In hearing devices, such as hearing aids, background noise is detrimental to the intelligibility of speech sounds. Most modern hearing devices address this issue by introducing noise reduction processing technology into the microphone output signal paths. The aim is to increase the Signal-to-Noise (SNR) ratio available to listeners, hence improve clarity and ease of listening to the hearing device wearer.
The success of noise reduction processing often depends greatly on the formation of appropriate reference signals to estimate the noise, the reason being that the reference signal is used to optimize an adaptive filter that aims to eliminate the noise, ideally leaving only the target signal. However, such reference estimates are often inaccurate because most known techniques, such as Voice Activity Detection, are susceptible to errors. In turn, such inaccuracies lead to inappropriate filtering and degradation in the output quality of processed sound (target distortion), particularly at low SNR where noise reduction functions are most needed.
There remains a need for improved noise reduction methods and systems.

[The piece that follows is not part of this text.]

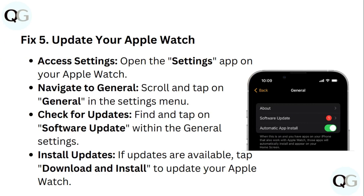Step 5: Update your Apple Watch. Open the Settings app on your Apple Watch and navigate to General. Scroll and tap on General in the settings menu, then find and tap on Software Update. If any updates are available, tap Download and Install to update your Apple Watch.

In a first aspect the present invention a noise reduction method for reducing unwanted sounds in signals received from an arrangement of microphones including the steps of: sensing sound sources distributed around a specified target direction by way of an arrangement of microphones to produce left and right microphone output signals; determining the magnitude or power of the left and right microphone signals; attenuating the signals based on the difference of the magnitudes or powers or values derived from the magnitudes or powers of the left and right microphone signals.

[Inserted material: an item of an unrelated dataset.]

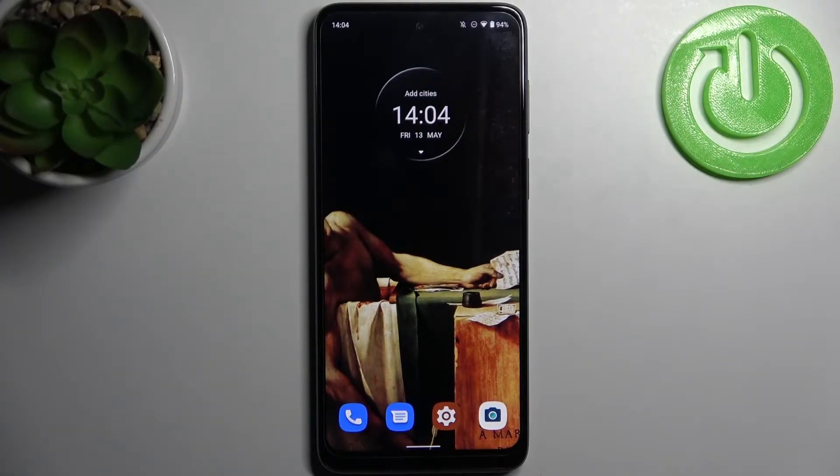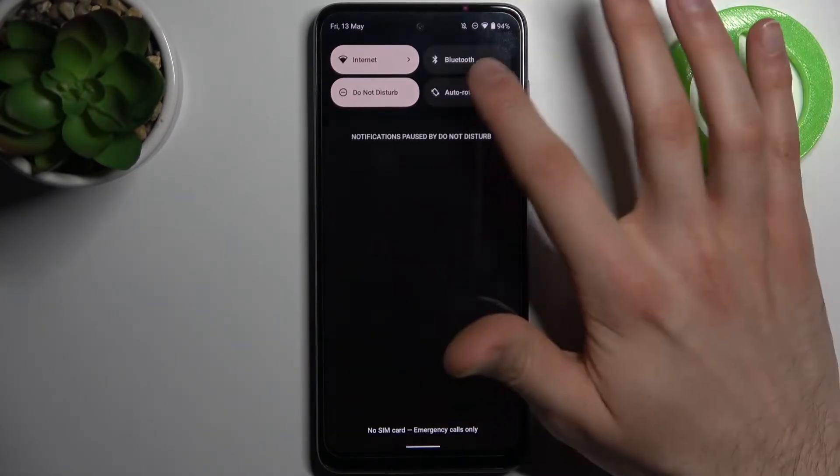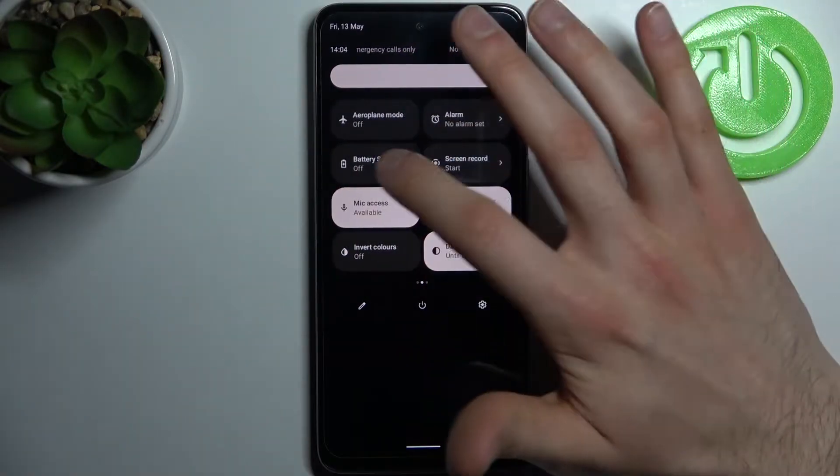Here I have a Motorola Moto G22 and today I'm going to show you how to enable power saving mode on this device. First, you have to open the upper bar and here you can find battery saver.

The method may further include the steps of: determining the sum of the magnitudes or powers or values derived from the magnitudes or powers of the left and right microphone signals, wherein the step of attenuating the signals may be further based on a comparison of the difference of the magnitudes or powers or values derived from the magnitudes or powers of the left and right microphone signals with the sum of the magnitudes or powers or values derived from the magnitudes or powers of the left and right microphone signals.

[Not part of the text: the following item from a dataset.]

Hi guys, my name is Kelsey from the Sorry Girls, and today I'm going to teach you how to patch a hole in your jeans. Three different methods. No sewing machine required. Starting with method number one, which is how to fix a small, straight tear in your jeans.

The step of attenuating the signal may be based on the ratio of the difference of the magnitudes or powers or values derived from the magnitudes or powers of the left and right microphone signals to the sum of the magnitudes or powers or values derived from the magnitudes or powers of the left and right microphone signals.
The step of attenuating may be based on one minus the ratio.
The step of attenuating may be based on a transformation of the ratio.
The step of attenuating may be based on one minus the transformation of the ratio.
The difference of the magnitudes or powers or values derived from the magnitudes or powers of the left and right microphone signals may be time-averaged.
The sum of the magnitudes or powers or values derived from the magnitudes or powers of the left and right microphone signals may be time-averaged.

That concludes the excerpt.